The Missing Link in Software Implementation

We've all been there. Stars in your eyes as you imagine the amazing things you could accomplish if you just had this new technology, this new system that will boost your sales, reduce your cycle times and ensure your department heads celebrity-status in year one. Then the implementation project begins...

Requirements? Doesn't the product come with its own requirements? You just log-in and BOOM, awesome city...right? Surprise folks, just like weight control, there is no magic pill. There is no short cut that allows you to conveniently side step deeply understanding your current business and data processes. I don't just mean a general understanding, I mean DEEP knowledge of every hand-off, every signature required, every paper or electronic document.

What I've seen "discovered" time and again (very painfully, I might add), is that deep knowledge and examination of your current players, process and data is the key to the kingdom. It will unlock EVERYTHING. It is the starting point to any sustainable strategy and roadmap; is it the key to innovating within your space, to the transformation you are so hungry for.

Software vendors: If you aren't asking for this well in advance of achieveing a signed contract, you're also putting yourself at risk. Lack of clear understanding of the business and data processes from both the business and vendor perspectives can be devastating to those success KPIs and metrics you were both so keen to claim at Innovation World 2020. In fact, I'd encourage software vendors to offer to help the business map this out for free. Yes, free. As a vendor, you need to know where the landmines are just as much as you need to know where the low hanging fruit is. If the client is powerful and important enough to your portfolio, not having this could introduce critical risks to a successful implementation. What if your data structures are inherently misaligned? What if your product is automating a process where the manual steps aren't actually the issue?

The missing link is proper planning and preparation. Its a detailed current-state process that includes the players, the data, the reporting, the hand-offs, the approvals, the tools, the gaps. The challenge with doing this as part of a software implementation is that you're already biased. You're focused on a specific outcome or segment of the process that you've already committed to. In mapping your process, you may discover that you missed steps A, B and C and skipped straight to D. Perhaps you discover you were spot on, great job! But you'll still need this process in-hand to ensure the implementation and long-term roadmap are in the right hands.

Whether you're on the vendor or business side, I strongly recommend examining your processes at a detailed level.

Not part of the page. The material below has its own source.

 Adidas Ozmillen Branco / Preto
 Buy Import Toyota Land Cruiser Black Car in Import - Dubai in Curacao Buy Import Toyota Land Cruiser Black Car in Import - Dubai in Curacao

You need to know not only your department-specific processes, but how they tie to enterprise process, as well as the ultimate value proposition they bring the organization and the industry as a whole.

Quinn Steele: Seasoned consultant, business analyst, project manager and innovator. Deeply passionate about building successful business strategies that bring people, ideas, process, data and technology together in meaningful ways.

Great article! The importance and understanding of this is critical to successful implementation and ROI!

Great article Quinn. It seems like the first move would be to grab a process improvement specialist to take a look at the existing. And a good analysts to take a look at the data. Really good points here. You're hell of a writer keep it up.!

So true. With the process captured or shared early at presales stage by the client at the start, the increased quality of the implementation at delivery stage. It also means less argument between sales and delivery team 😀

Agreed. The more time we take upfront to understand and set up correctly, the better we’ll be. Challenge our teams to approach everything with this thinking!